REPUBLIKA.CO.ID, JAKARTA -- Maraknya berita bohong, konten palsu, hingga provokasi di media sosial terus menjadi pemicu konflik di tengah masyarakat. Isu-isu negatif yang beredar tanpa kendali bukan hanya merusak hubungan sosial, tetapi juga berdampak buruk pada kondisi psikologis publik.
Anak-anak menjadi kelompok yang paling rentan karena mudah terpapar pesan menyesatkan dari berbagai kanal digital. Menanggapi fenomena tersebut, Dompet Dhuafa menyelenggarakan kegiatan Edukasi Sosial Media di Era Digital secara daring sebagai bagian dari kampanye #IndonesiaBicaraBaik.
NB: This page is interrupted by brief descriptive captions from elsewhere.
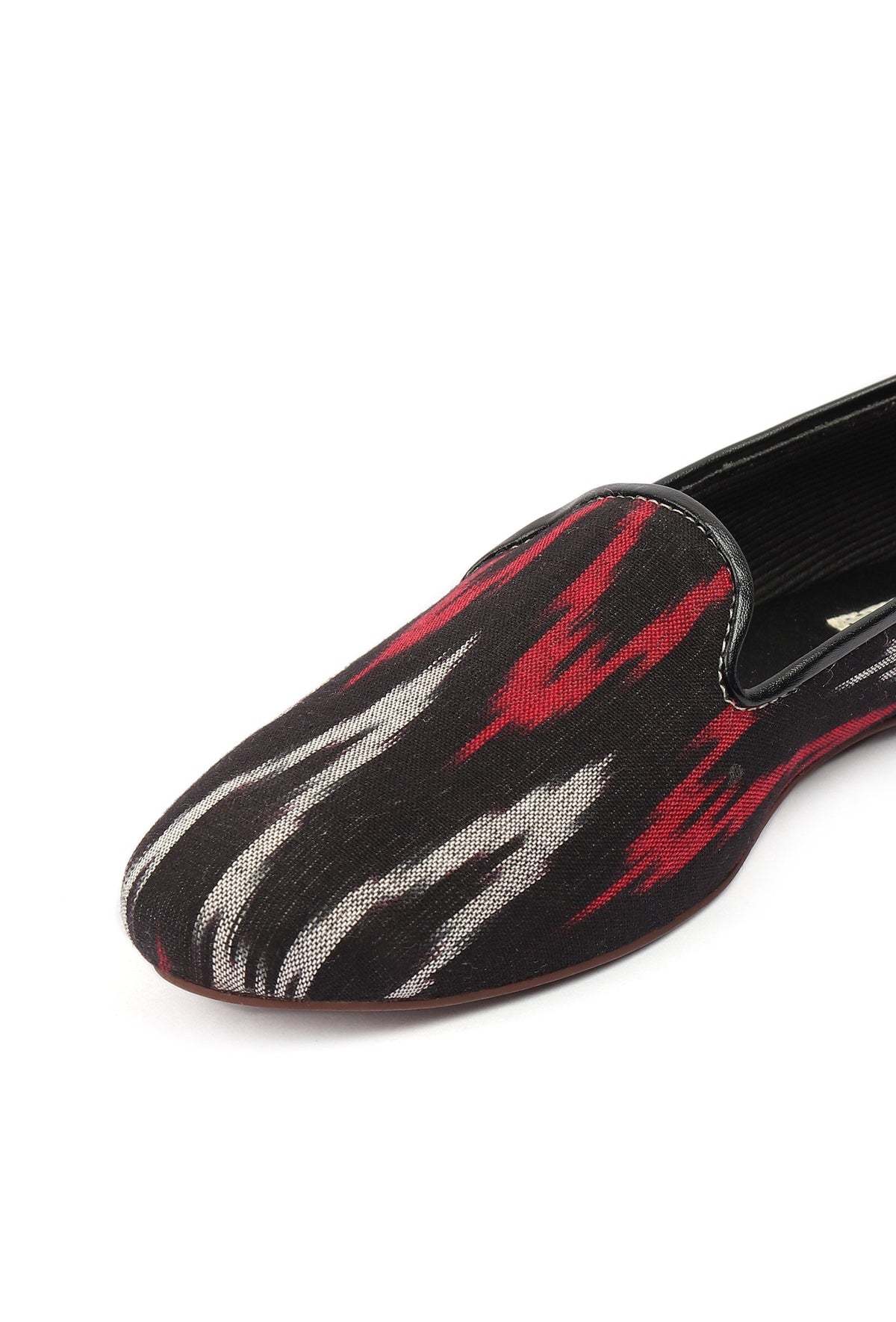 Black, Red & Grey Ikat Flat Cruelty Free Leather Ballerina サイズ EU38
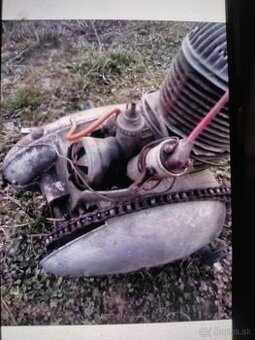 Motor Jawa 250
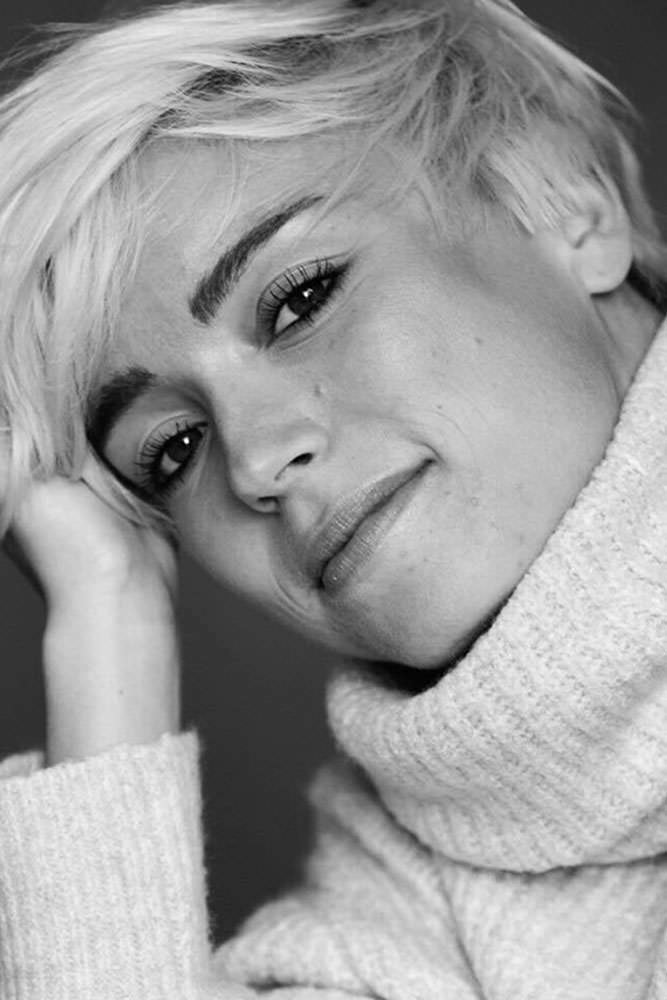 Model: Charleen 54319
Program ini menghadirkan Ketua Bidang Pengembangan Kampanye Kehumasan Perhumas Laurentius Iwan Pranoto, Penanggung Jawab Program Pendidikan Dompet Dhuafa Yogyakarta Yazid Subakti, dan Founder Cerdas.id Adhiem Bahri.
Penanggung Jawab Program Pendidikan Dompet Dhuafa Yogyakarta Yazid Subakti menerangkan pengalamannya bersama anak-anak sekolah. Setiap memasuki ruang kelas sekolah dasar (SD), ia bertanya kepada anak-anak apakah pernah menonton film saru (vulgar). Setengah dari anak-anak mengangkat tangan, mengaku pernah melihat film saru.
“Saya bertanya, dari mana kalian melihat film atau gambar (saru) itu? Anak-anak menjawab dari handphone,” kata Yazid dalam diskusi online, Rabu (19/11/2025).
Pertanyaan selanjutnya, di handphone siapa mereka melihat film saru. Anak-anak mengaku di handphone miliknya sendiri, ada yang di handphone temannya, kakaknya, atau handphone orang tuanya.